For those interested in reproducing my biNixie Clock, here is the (most likely) schematic diagram:

I have realized I did not take notes while building it, probably because it is so straightforward (and a copy of other designs).

You need to pay attention to the current limiting resistor (one per Nixie tube), which depends on the tube model and your anode voltage ("HV" in the diagram).

Put everything on sockets so it can be easily replaced or reused.

At current prices (3/2016) the whole thing should cost less than 30 Euro if you use common Nixies like B5092/ZM1020.

The firmware for Arduino and compatible boards (ATmega368) is here https://github.com/jh1995/biNixieClock.

Please share pictures of your biNixie clock as well as firmware improvements!

15 March 2016

Four digit display with HP 5082-7300

Arduino Nano counting...
My interest for old display technologies got a bit of satisfaction when I lighted up a bunch of HP 5082-7300 chips. These are 8 pin displays with an integrated BCD decoder (0-9, dash, blank) plus RHS decimal point that emulate a dot matrix configuration. The required power supply is 5 V and today they can be easily driven with the microcontroller of your choice. The integrated logic includes a latch, so you can connect more displays in parallel and multiplex data through the [Latch Enable] control.

One remark not clear from the datasheet: the decimal point is latched as well as ABCD inputs.

My first application is a simple 0000 to 9999 endless counter. It is a good way to test all dots work, measure current consumption and do other optimizations.

As expected, these little displays produce a good amount of heat. According to the datasheet, at 5 V the current drawn is well above 100 mA, so that's more than 0.5 W of heat to dissipate. To minimize the risk of failure due to heat I mounted my 5082-7300 on a "socket", so I can add a small fan on the side if I want to.

Then I tried to reduce the voltage supply, both to the Arduino and to the display string. The good news is that there is no change in dot luminosity down to 4.1 V and the average current goes down to 60-70 mA per display: that's about 0.25-0.3 W dissipation per display. Cool, isn't it?

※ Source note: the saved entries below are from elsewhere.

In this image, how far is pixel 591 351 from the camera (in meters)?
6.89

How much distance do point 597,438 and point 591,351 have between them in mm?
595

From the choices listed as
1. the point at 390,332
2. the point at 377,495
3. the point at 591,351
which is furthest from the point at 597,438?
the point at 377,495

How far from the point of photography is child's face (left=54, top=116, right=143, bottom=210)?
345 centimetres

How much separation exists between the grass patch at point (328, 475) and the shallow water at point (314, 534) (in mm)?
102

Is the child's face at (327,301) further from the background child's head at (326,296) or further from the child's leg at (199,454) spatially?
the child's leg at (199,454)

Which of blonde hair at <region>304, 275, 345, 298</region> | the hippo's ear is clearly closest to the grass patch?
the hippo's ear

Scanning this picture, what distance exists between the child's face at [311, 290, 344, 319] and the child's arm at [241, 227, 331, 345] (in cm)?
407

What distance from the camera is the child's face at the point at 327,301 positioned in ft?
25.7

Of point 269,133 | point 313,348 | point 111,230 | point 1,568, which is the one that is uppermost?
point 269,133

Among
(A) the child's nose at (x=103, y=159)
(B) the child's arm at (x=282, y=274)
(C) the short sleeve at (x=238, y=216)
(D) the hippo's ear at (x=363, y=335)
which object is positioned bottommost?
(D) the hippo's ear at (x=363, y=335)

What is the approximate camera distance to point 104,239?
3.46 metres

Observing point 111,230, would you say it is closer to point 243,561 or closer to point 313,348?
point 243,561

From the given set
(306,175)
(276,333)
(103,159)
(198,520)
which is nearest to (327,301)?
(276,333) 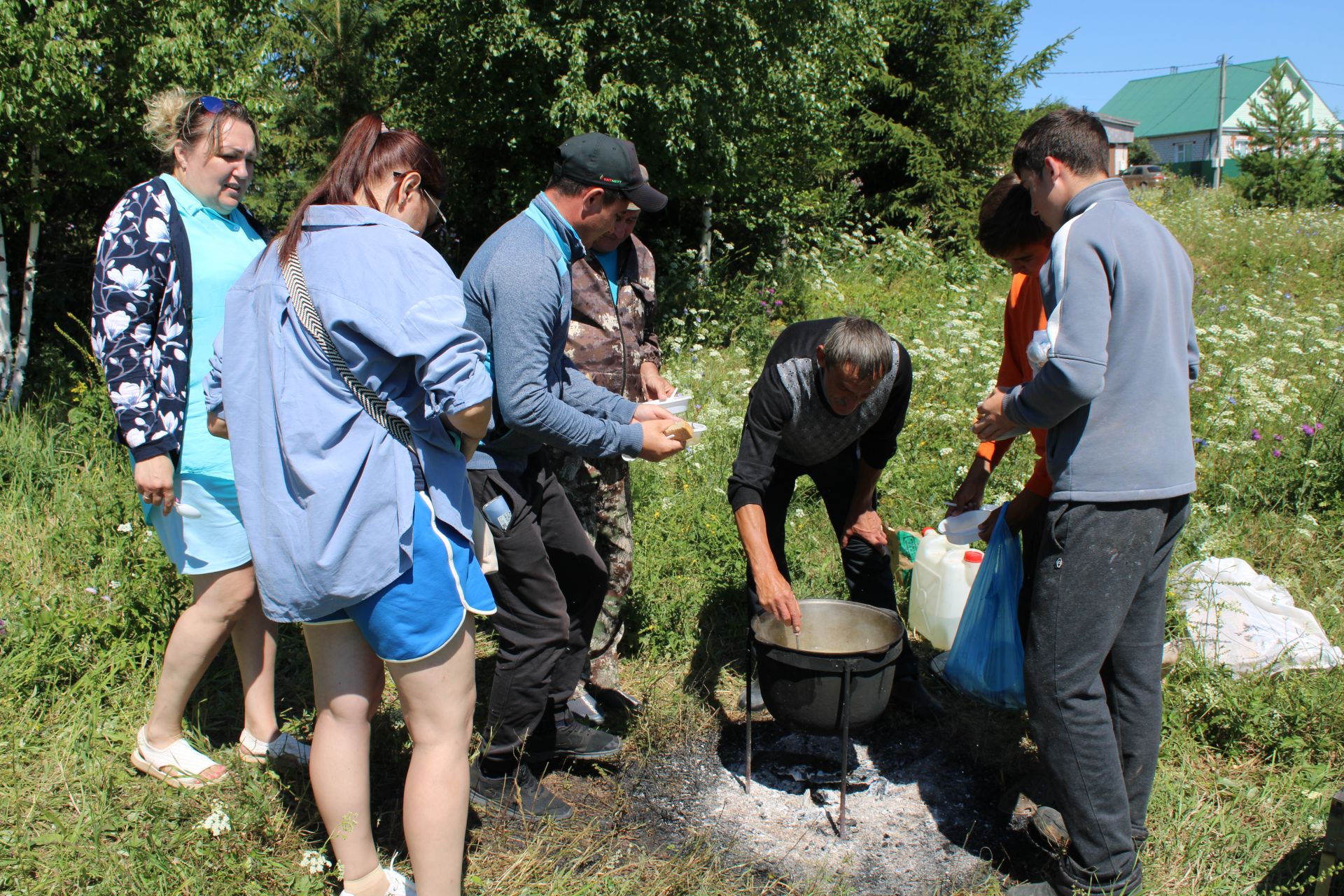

Click to zoom and see the logic through the red plastic. Last digit was changing from 6 to 7.
Voltage supply can be further decreased but then pixel luminosity is not uniform anymore.

So, in the final application I can run the whole setup Arduino+HP 5082-7300 at 4.2 V or so. Given the amount of power needed by the display rack itself it makes no sense to optimize the firmware for a lower consumption or use a stand-alone microcontroller in place of an Arduino.

Now it is time to fill the perfboard with a Nano, an RTC and some form of alarm function. And write some code, of course.

I have some HP 5082-7300 spares in case you land on this post looking for this specific part.

04 March 2016

Saba Compact Clock A - display sorted out

With the help of a DVM and the circuit diagram I sorted out few things on the Saba Compact Clock A.

One trace is hidden under the display support frame, and probably it even contains a diode. I cannot unplug the custom IC to look what is underneath it, so I must trust my DVM readings.

The IC does work, since it outputs voltages compatible with a blinking display (typical of "time not set" state), but there's something wrong on the path of the common cathode I couldn't sort out. On the positive side I could light up segments on the display and confirm they are plain red LEDs with a common cathode, so I can re-wire my own cock circuitry if I want to.

I also spotted a curious optimization: segments a-d-g of tens of hour digit are connected together. That makes sense since they always light up together in numbers 2 and 3, and don't display anything higher than 23 (hours) or 31 (day of the month).

Now I might try to replace a couple electrolytics badly corroded (externally) and then give up on fixing this device, for now.